● WHAT IS BEING ASKED
Write out exactly the lines running from the line that includes "this 1092×1092 image." to the end of the data, both ends included, and nothing besides.

● INFORMATION GIVEN
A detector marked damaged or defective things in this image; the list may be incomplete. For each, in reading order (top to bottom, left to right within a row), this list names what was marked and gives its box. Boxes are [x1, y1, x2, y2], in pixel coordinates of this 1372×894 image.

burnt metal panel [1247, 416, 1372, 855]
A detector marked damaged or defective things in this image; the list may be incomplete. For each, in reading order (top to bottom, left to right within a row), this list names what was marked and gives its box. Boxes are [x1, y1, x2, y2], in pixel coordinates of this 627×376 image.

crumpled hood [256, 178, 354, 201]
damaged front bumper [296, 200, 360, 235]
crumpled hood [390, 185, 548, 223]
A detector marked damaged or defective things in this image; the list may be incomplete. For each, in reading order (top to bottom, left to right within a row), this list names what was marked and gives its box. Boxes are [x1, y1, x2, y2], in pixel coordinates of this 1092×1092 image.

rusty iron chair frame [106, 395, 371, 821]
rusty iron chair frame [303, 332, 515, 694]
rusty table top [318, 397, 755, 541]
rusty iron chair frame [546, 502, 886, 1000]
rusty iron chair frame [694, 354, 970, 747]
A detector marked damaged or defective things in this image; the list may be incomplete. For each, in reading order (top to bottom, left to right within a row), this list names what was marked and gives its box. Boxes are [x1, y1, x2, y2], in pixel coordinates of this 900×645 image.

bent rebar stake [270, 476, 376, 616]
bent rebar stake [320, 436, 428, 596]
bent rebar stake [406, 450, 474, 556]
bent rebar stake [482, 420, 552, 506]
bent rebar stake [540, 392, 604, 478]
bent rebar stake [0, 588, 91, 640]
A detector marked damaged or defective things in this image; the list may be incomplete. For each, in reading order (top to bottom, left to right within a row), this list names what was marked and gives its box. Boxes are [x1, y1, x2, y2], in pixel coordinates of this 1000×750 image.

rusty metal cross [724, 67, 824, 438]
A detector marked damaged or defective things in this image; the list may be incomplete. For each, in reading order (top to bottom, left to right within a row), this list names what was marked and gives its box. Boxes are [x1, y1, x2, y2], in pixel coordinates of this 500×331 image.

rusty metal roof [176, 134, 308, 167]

● RESPONSE TO THIS TASK
A detector marked damaged or defective things in this image; the list may be incomplete. For each, in reading order (top to bottom, left to right within a row), this list names what was marked and gives its box. Boxes are [x1, y1, x2, y2], in pixel coordinates of this 1092×1092 image.

rusty iron chair frame [106, 395, 371, 821]
rusty iron chair frame [303, 332, 515, 694]
rusty table top [318, 397, 755, 541]
rusty iron chair frame [546, 502, 886, 1000]
rusty iron chair frame [694, 354, 970, 747]
A detector marked damaged or defective things in this image; the list may be incomplete. For each, in reading order (top to bottom, left to right within a row), this list names what was marked and gives its box. Boxes are [x1, y1, x2, y2], in pixel coordinates of this 900×645 image.

bent rebar stake [270, 476, 376, 616]
bent rebar stake [320, 436, 428, 596]
bent rebar stake [406, 450, 474, 556]
bent rebar stake [482, 420, 552, 506]
bent rebar stake [540, 392, 604, 478]
bent rebar stake [0, 588, 91, 640]
A detector marked damaged or defective things in this image; the list may be incomplete. For each, in reading order (top to bottom, left to right within a row), this list names what was marked and gives its box. Boxes are [x1, y1, x2, y2], in pixel coordinates of this 1000×750 image.

rusty metal cross [724, 67, 824, 438]
A detector marked damaged or defective things in this image; the list may be incomplete. For each, in reading order (top to bottom, left to right within a row), this list names what was marked and gives its box. Boxes are [x1, y1, x2, y2], in pixel coordinates of this 500×331 image.

rusty metal roof [176, 134, 308, 167]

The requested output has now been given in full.